Exercise materials =>
┏━━

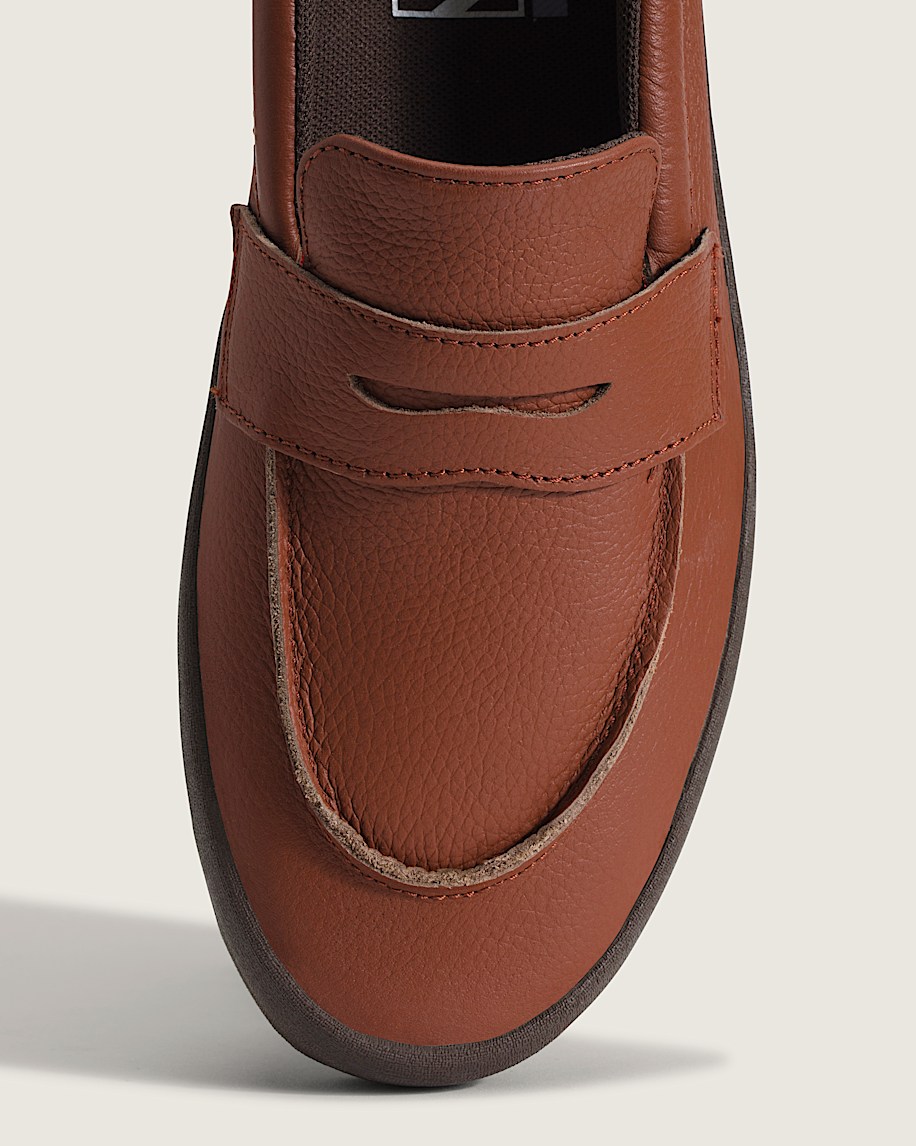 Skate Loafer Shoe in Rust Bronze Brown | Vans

┗━━
┏━━

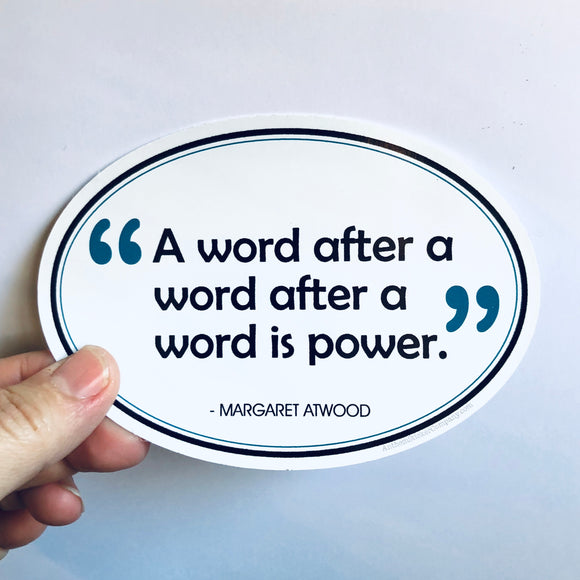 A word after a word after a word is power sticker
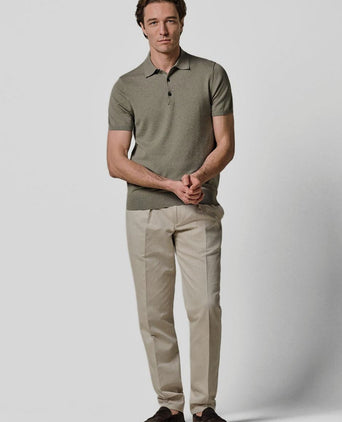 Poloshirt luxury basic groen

┗━━
┏━━

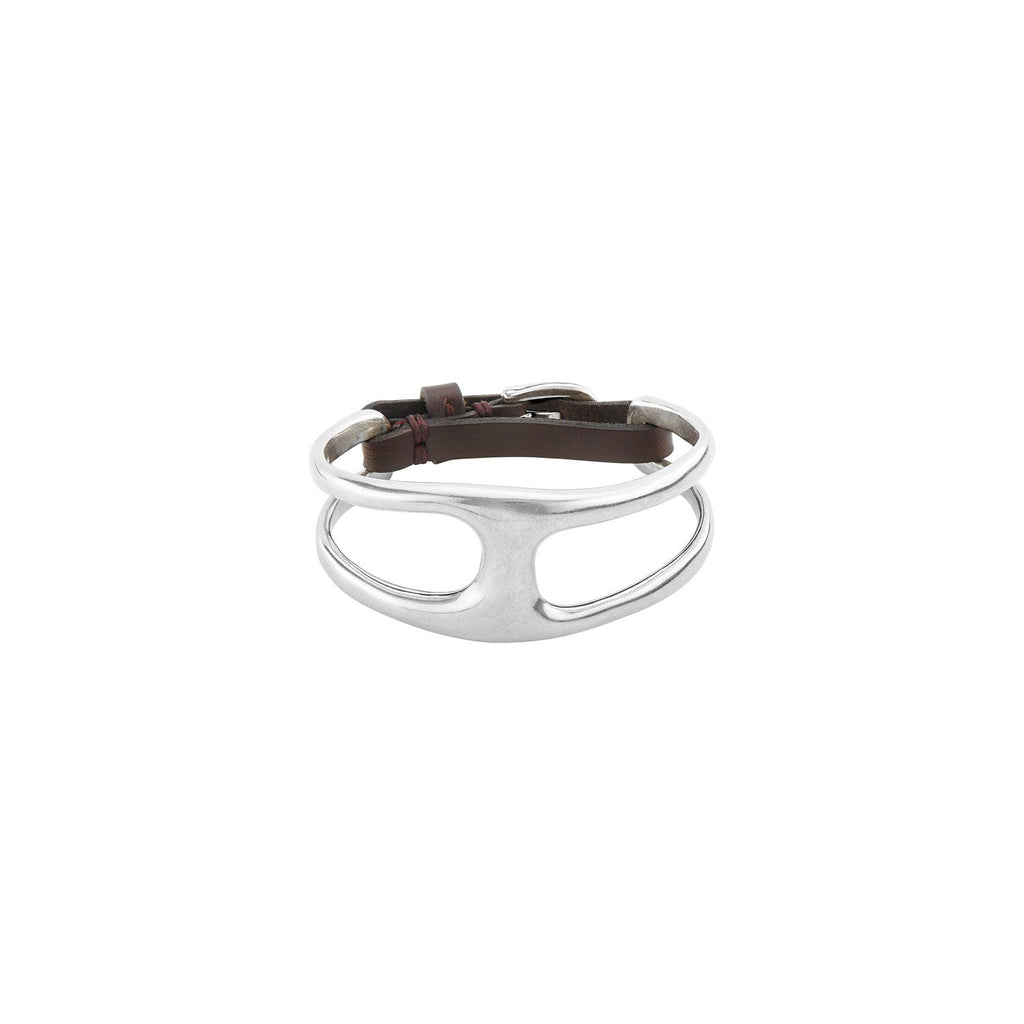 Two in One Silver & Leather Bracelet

┗━━

What needs to be done => Output only the lines above from the line that holds "A word after a" through the line that holds "Poloshirt luxury basic groen", both ends included, and exclude pictures.

Task result =>
 A word after a word after a word is power sticker
 Poloshirt luxury basic groen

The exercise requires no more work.